- **Your assignment**: Transcribe word for word the section of the records below that opens with the line containing "Venta Casa 5" and closes with the line containing "右側面になります。こちらも目立った傷等は無く、綺麗な状態を保たれています。"; drop every picture.

- **Data supplied**:
----------
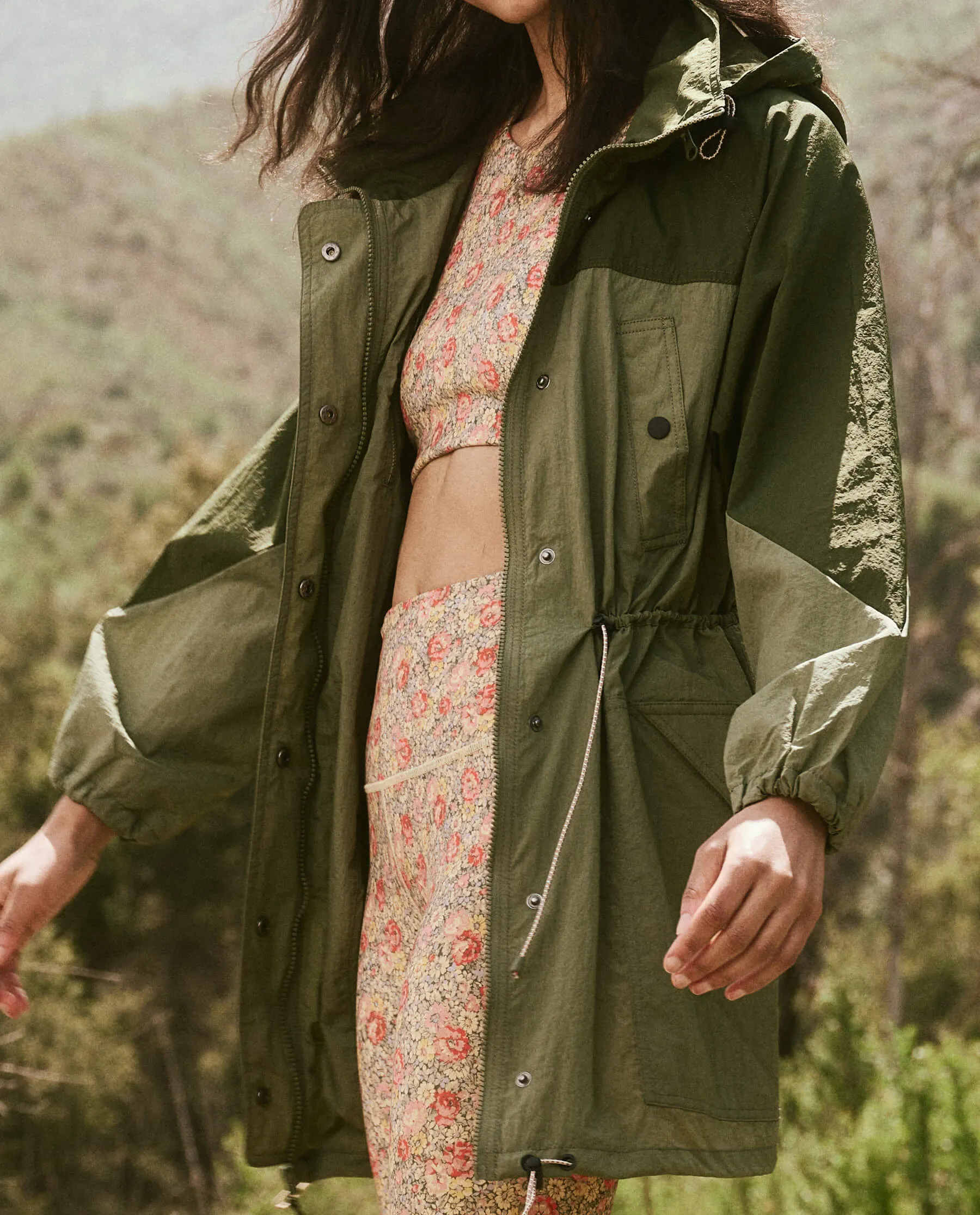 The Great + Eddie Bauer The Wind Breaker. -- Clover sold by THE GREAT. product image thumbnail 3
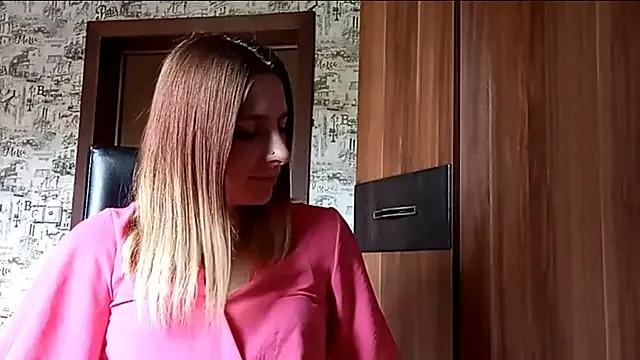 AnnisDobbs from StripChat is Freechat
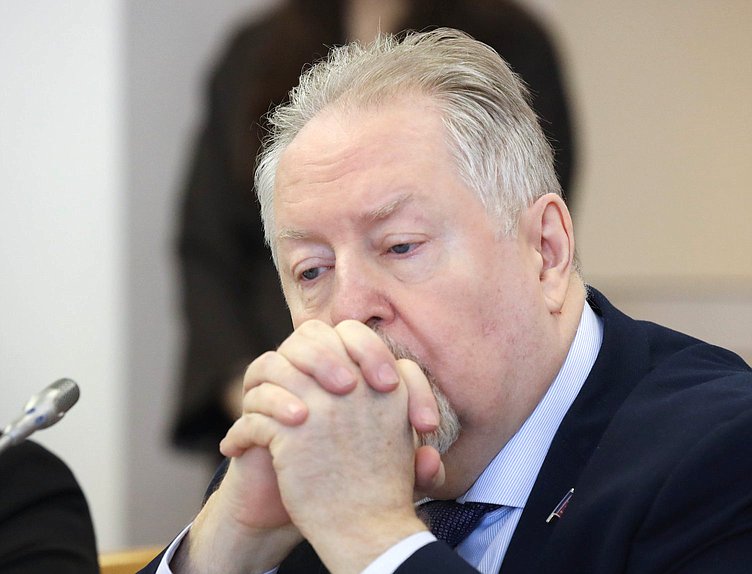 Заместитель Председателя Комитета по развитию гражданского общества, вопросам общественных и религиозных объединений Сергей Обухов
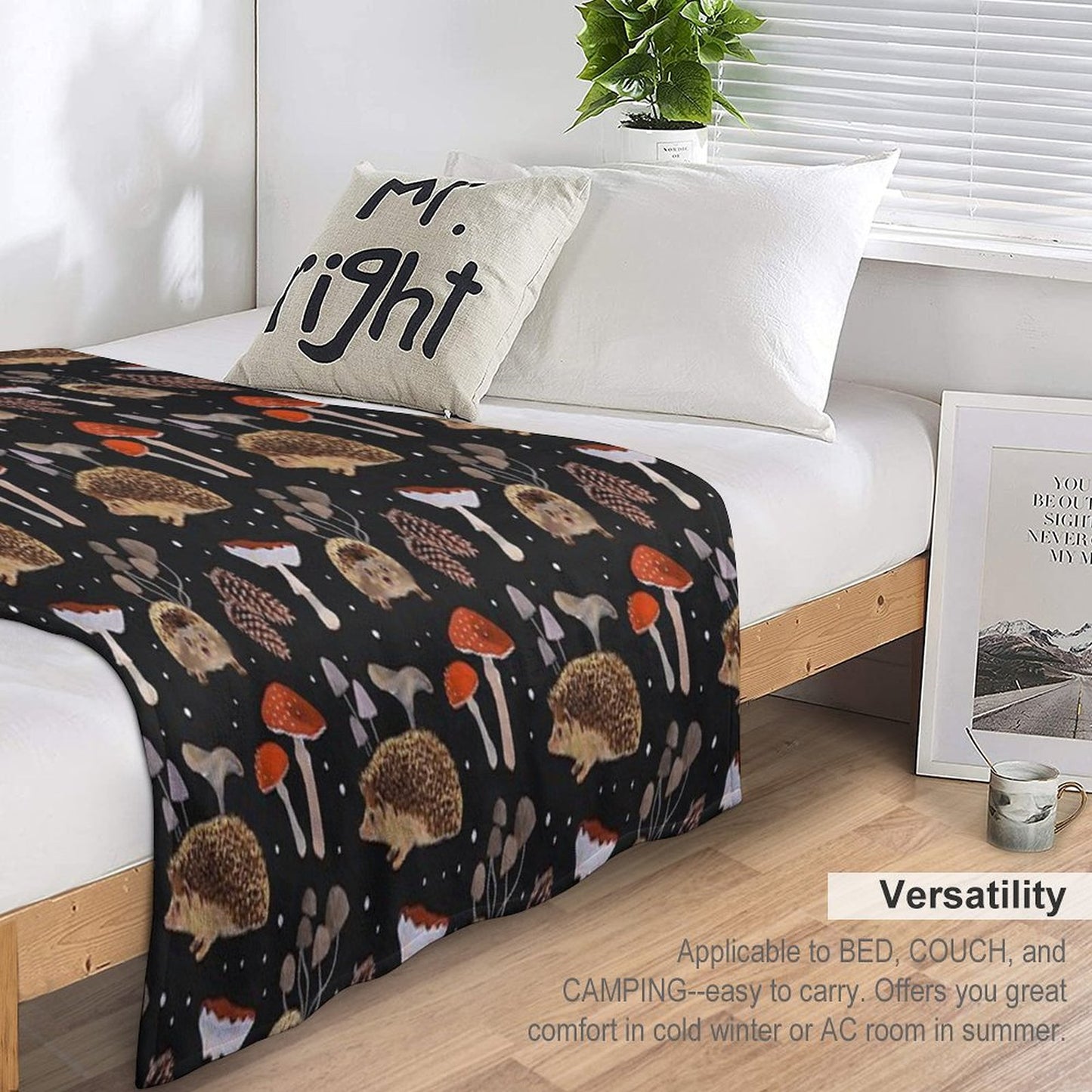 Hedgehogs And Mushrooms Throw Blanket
----------
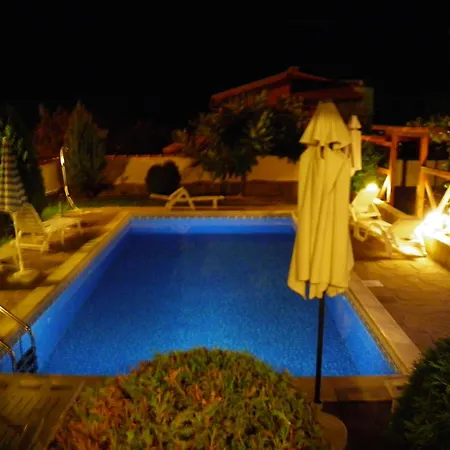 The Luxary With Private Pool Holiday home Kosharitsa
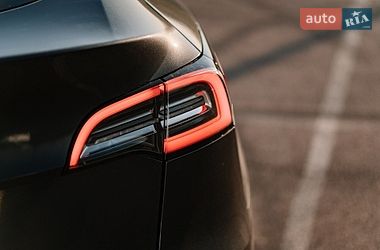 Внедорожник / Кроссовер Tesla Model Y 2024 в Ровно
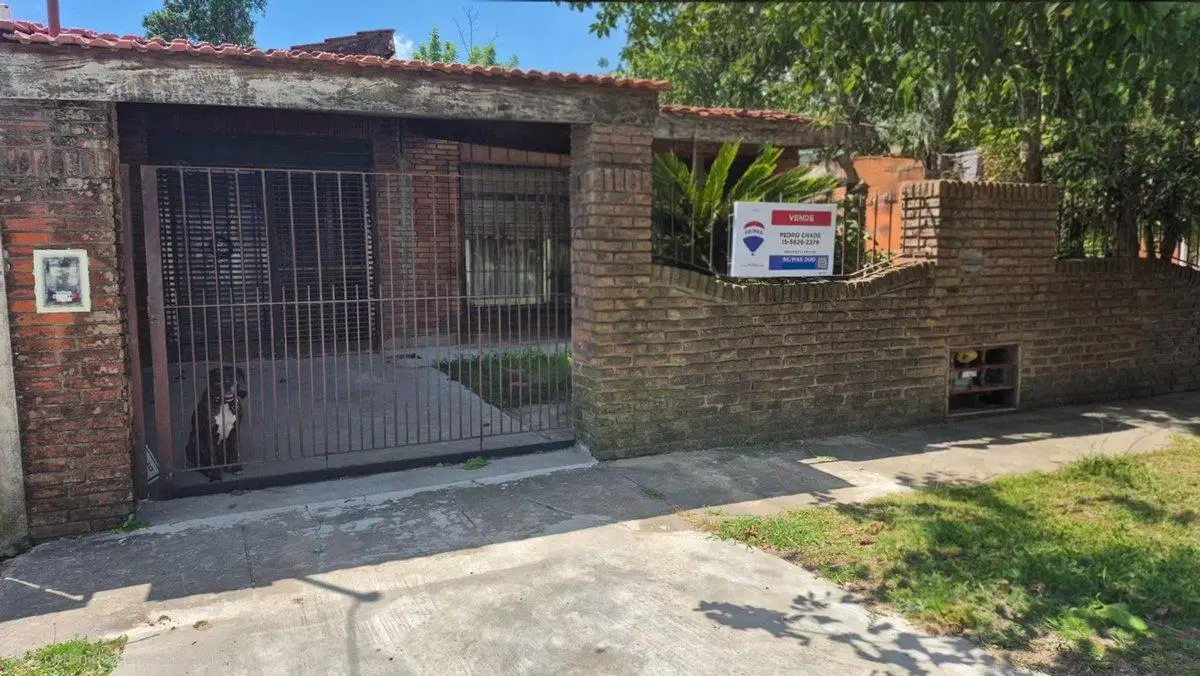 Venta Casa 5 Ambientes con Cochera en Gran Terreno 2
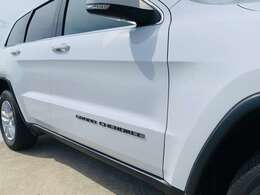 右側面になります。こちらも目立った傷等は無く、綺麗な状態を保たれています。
----------
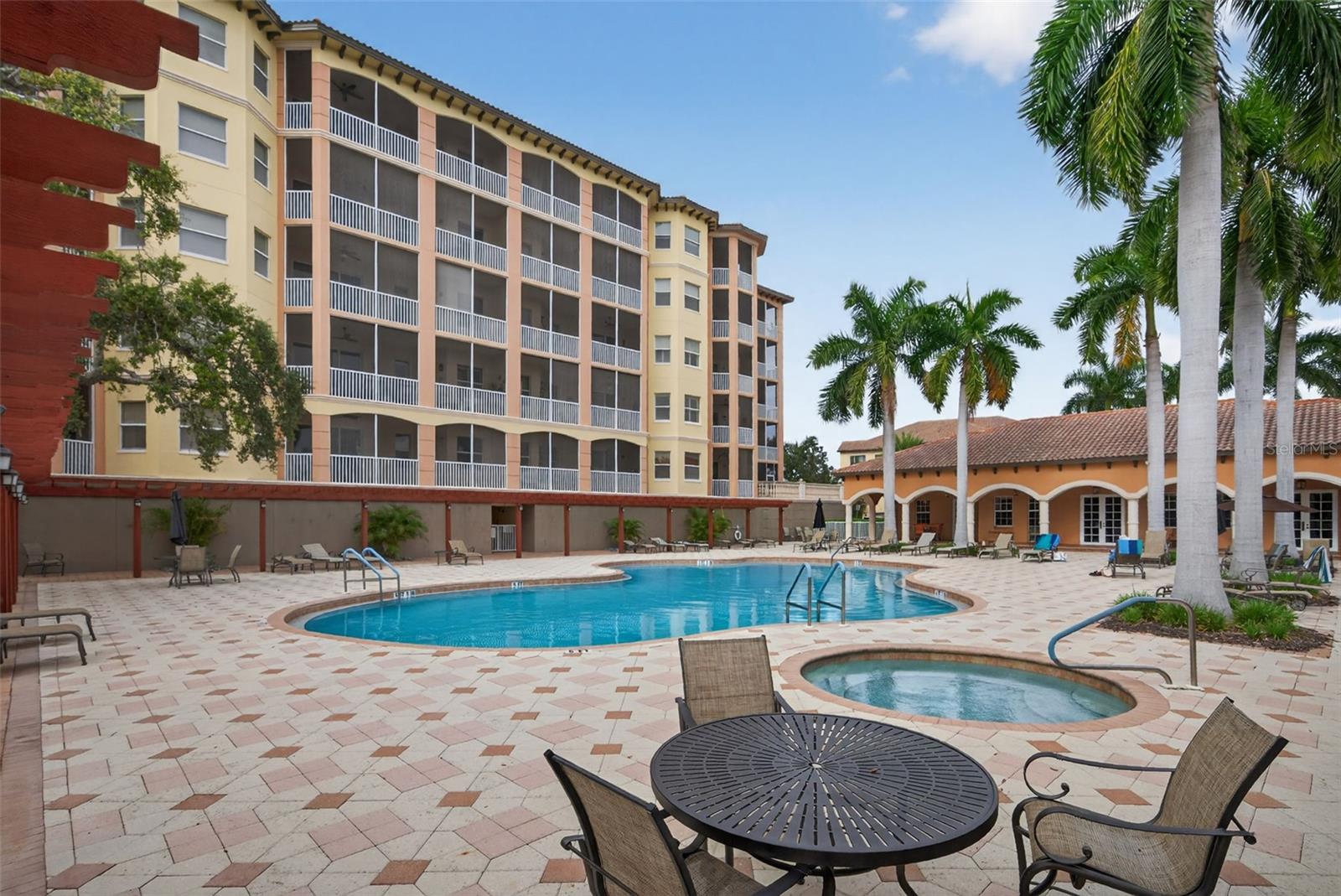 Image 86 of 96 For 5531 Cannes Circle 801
----------
- **Response for this exercise**:
 Venta Casa 5 Ambientes con Cochera en Gran Terreno 2
 右側面になります。こちらも目立った傷等は無く、綺麗な状態を保たれています。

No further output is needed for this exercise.